Stored entries:
::::

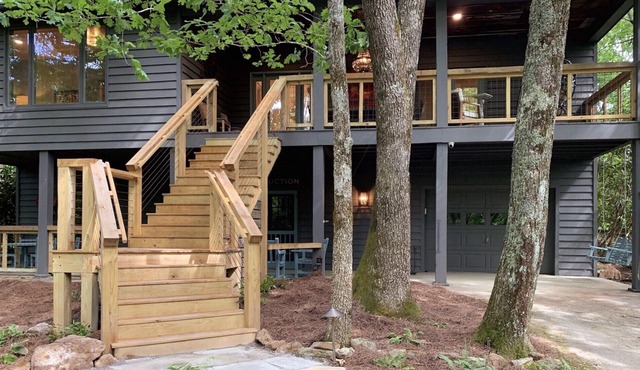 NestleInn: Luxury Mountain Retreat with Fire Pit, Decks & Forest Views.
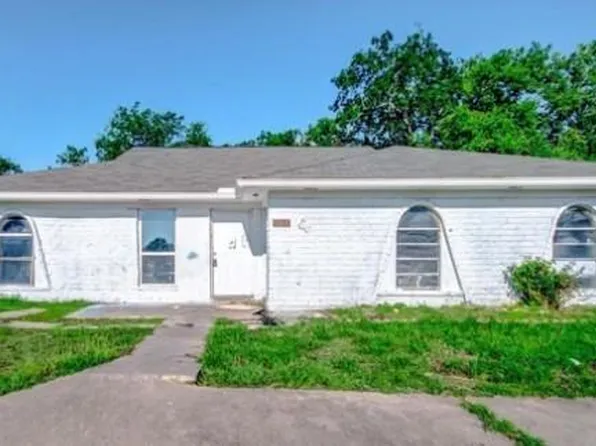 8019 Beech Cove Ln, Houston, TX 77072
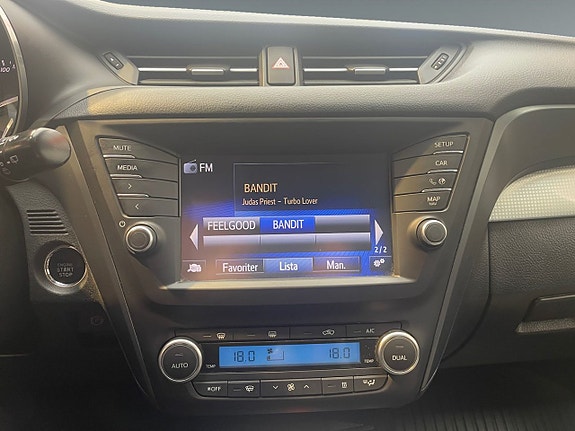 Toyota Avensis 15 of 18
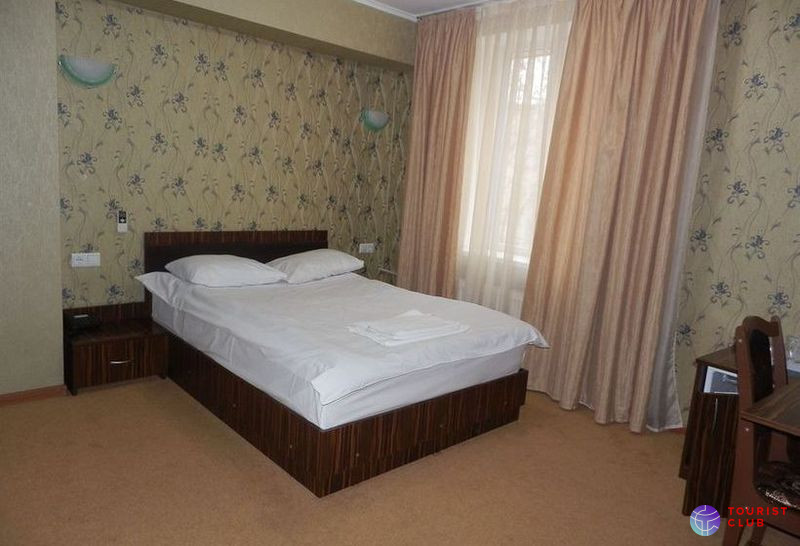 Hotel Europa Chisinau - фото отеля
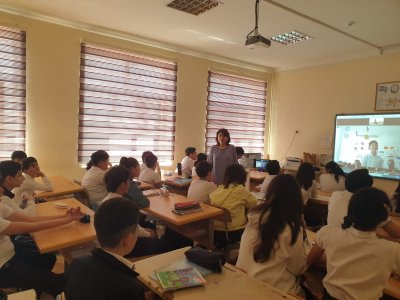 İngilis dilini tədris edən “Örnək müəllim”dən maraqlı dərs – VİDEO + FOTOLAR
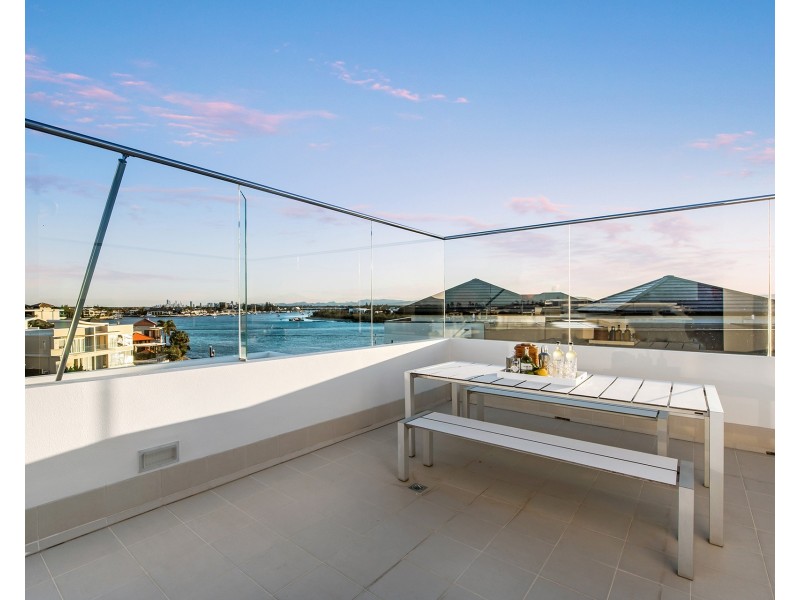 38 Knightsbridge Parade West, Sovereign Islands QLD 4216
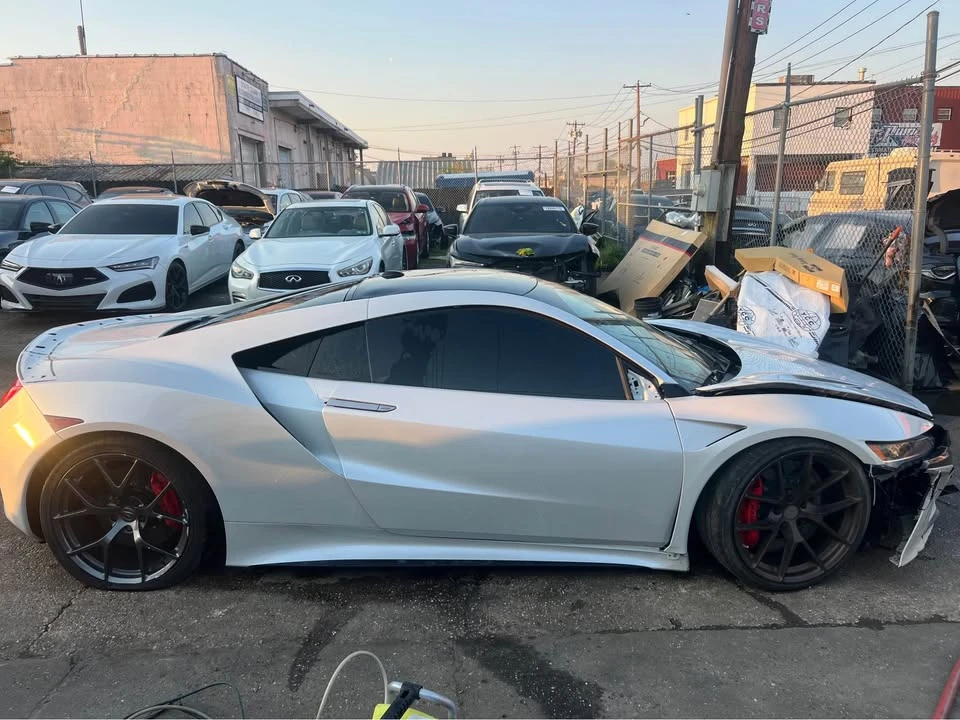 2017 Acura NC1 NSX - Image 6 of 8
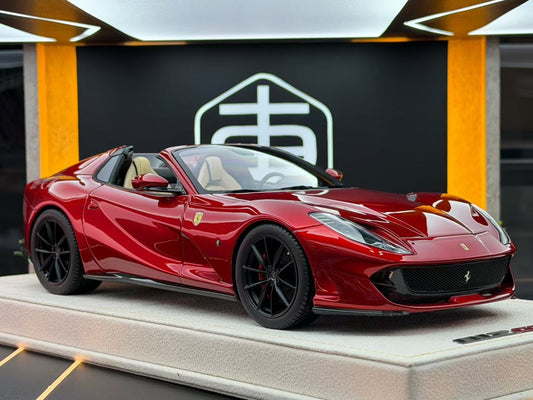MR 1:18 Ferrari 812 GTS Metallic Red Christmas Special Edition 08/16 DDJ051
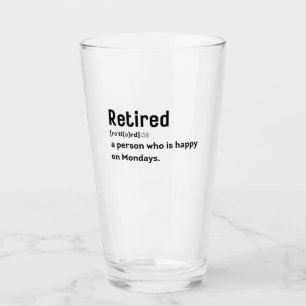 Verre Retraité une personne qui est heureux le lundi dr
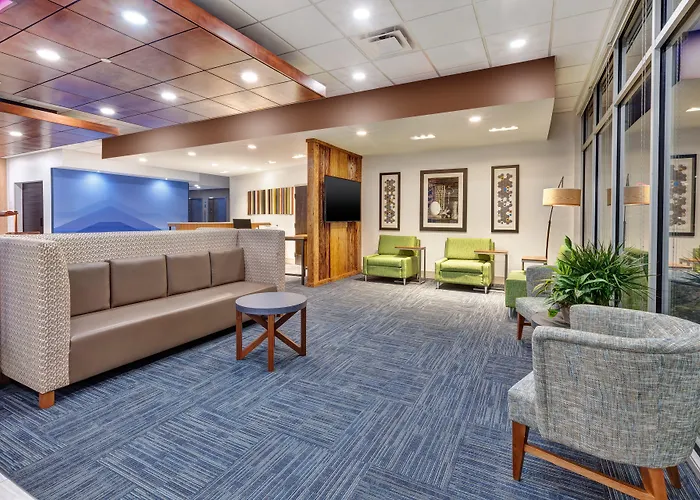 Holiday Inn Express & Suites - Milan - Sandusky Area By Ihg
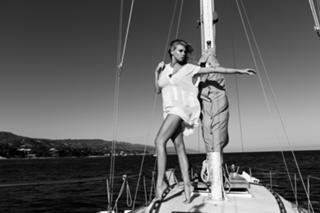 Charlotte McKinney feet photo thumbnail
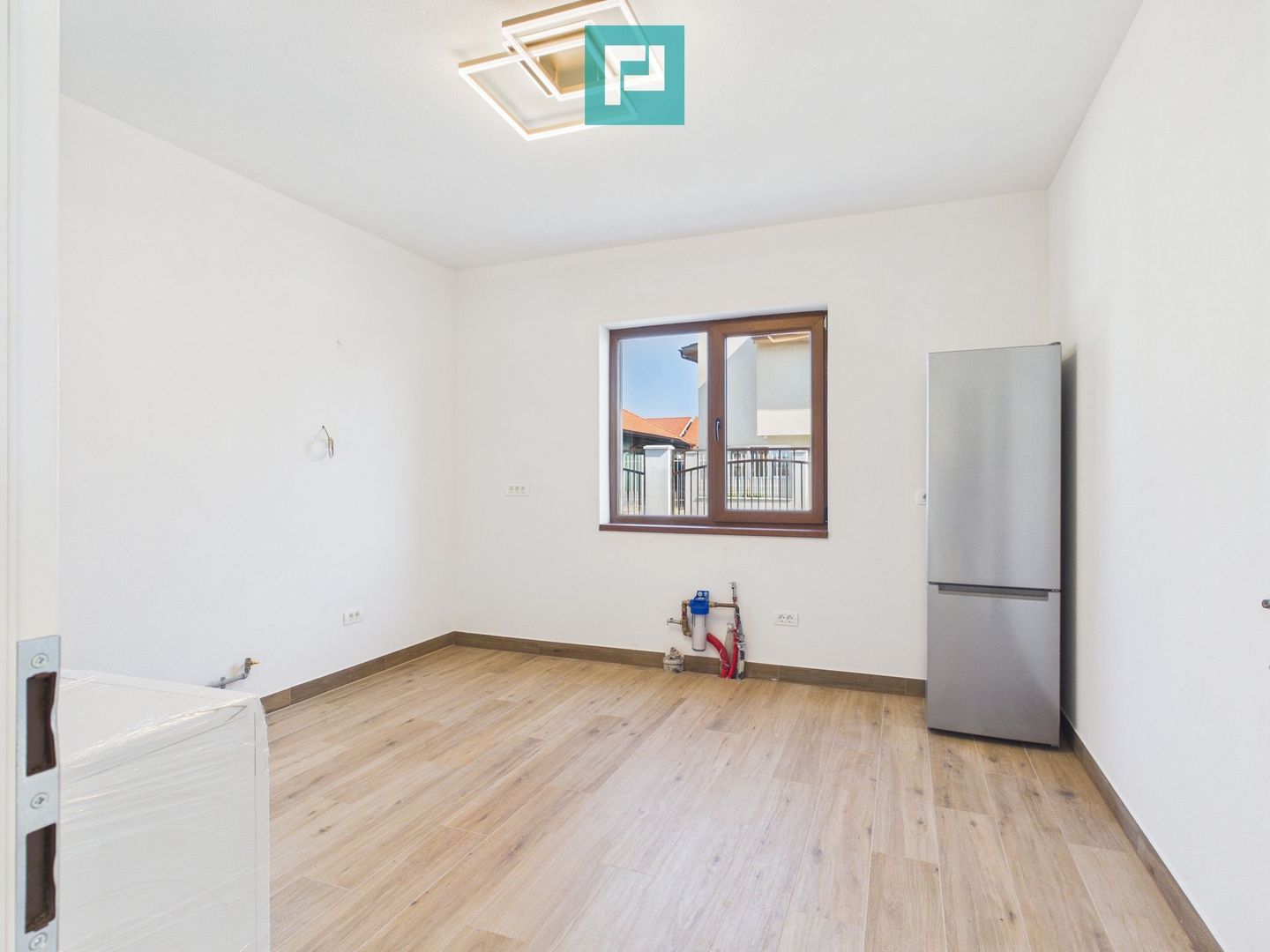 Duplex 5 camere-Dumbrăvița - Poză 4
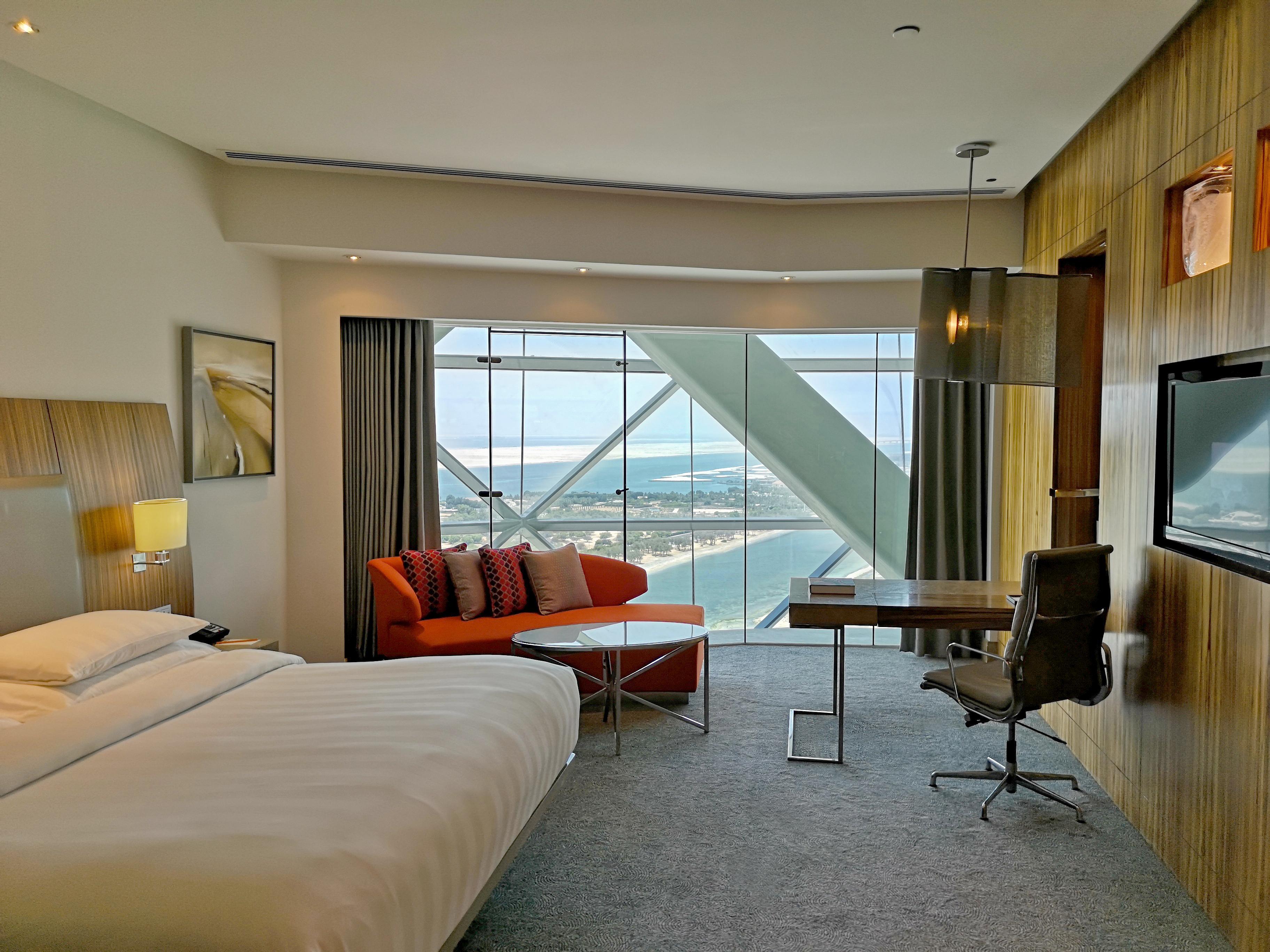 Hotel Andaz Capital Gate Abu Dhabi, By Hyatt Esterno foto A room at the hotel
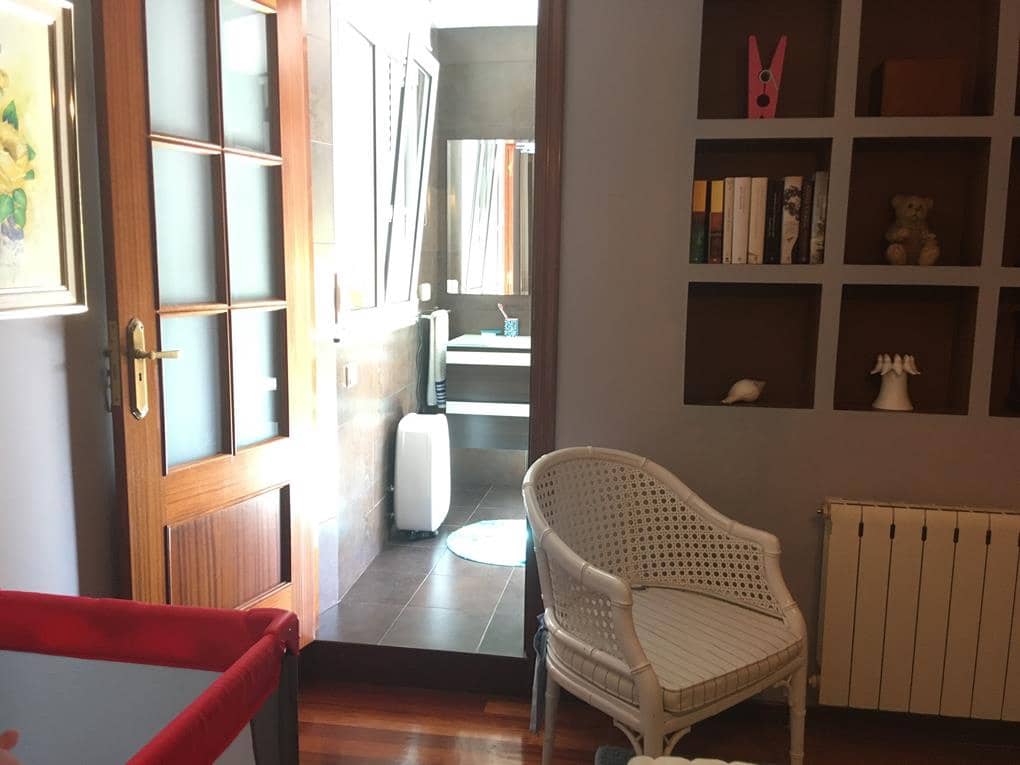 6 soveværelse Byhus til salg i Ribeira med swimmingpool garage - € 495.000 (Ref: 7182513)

::::

- [Exercise description]:
Exactly as written, set down the lines from the line holding "Hotel Europa Chisinau - фото отеля" to the last line of the data, both ends included, pictures excluded.

- [Written reply]:
 Hotel Europa Chisinau - фото отеля
 İngilis dilini tədris edən “Örnək müəllim”dən maraqlı dərs – VİDEO + FOTOLAR
 38 Knightsbridge Parade West, Sovereign Islands QLD 4216
 2017 Acura NC1 NSX - Image 6 of 8
MR 1:18 Ferrari 812 GTS Metallic Red Christmas Special Edition 08/16 DDJ051
 Verre Retraité une personne qui est heureux le lundi dr
 Holiday Inn Express & Suites - Milan - Sandusky Area By Ihg
 Charlotte McKinney feet photo thumbnail
 Duplex 5 camere-Dumbrăvița - Poză 4
 Hotel Andaz Capital Gate Abu Dhabi, By Hyatt Esterno foto A room at the hotel
 6 soveværelse Byhus til salg i Ribeira med swimmingpool garage - € 495.000 (Ref: 7182513)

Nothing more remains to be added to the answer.